Australians feel constrained to profess an interest in cricket, and that was the case, too, long before we became a multicultural nation of migrants who are bemused by cricketers using the ball the scratch their jockstrap itch. To deny an interest in cricket was as unAustralian as not liking Vegemite or lamingtons or the beach. We covered up as best we could, and a common means of doing that was to reply "I was hoping you could tell me" when we were asked "what's the score?".
This need to claim an interest in the most boring proceedings involving a ball ever devised is clearly behind two sets of statistics I was quoted yesterday. The first set came about when I protested against SBS's screening the cricket on SBS One rather than the obscure SBS Two. But, SBS said, the Ashes series had doubled that channel's average prime-time ratings for the year! SBS says that one in eight people who watch television watched the cricket on SBS One.
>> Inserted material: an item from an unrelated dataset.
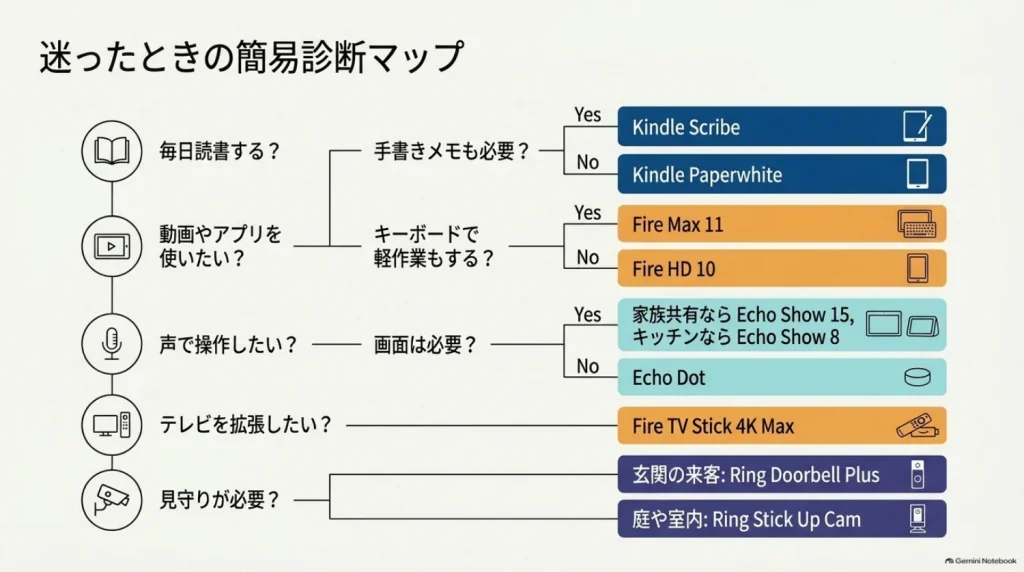 読書・動画・音声・見守り別のAmazonデバイス診断を説明した図解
My point was that by screening the cricket on SBS One the station's regular viewers were denied their programs, and that people who watch SBS as a matter of course are unlikely to want to watch cricketers scratching their jockstrap itch.
The second set of statistics is no more credible. Sweeney Sports, which is a research service for sport in Australia, says in its most recent report that 51 per cent of Australians are interested in cricket. Effectively, since few women even profess to be interested in cricket, that means that all men are interested in cricket. The old urge to conform is alive and well. Sweeney tops this by claiming that one in seven Australians participates in cricket as a player or official. I suppose they get a lift with flying pigs to and from the game.
Cricket is a ceremony, not a game or a sport, and I'm prepared to state publicly that I'd rather watch an entire Olympics Games opening ceremony than an hour of overs, even if every ball and every run does set a new record, as every ball and every run seems to do when there are no streakers or seagulls. Are you prepared to admit the same or are you bogged still in the old meat-and-veg definition of manliness?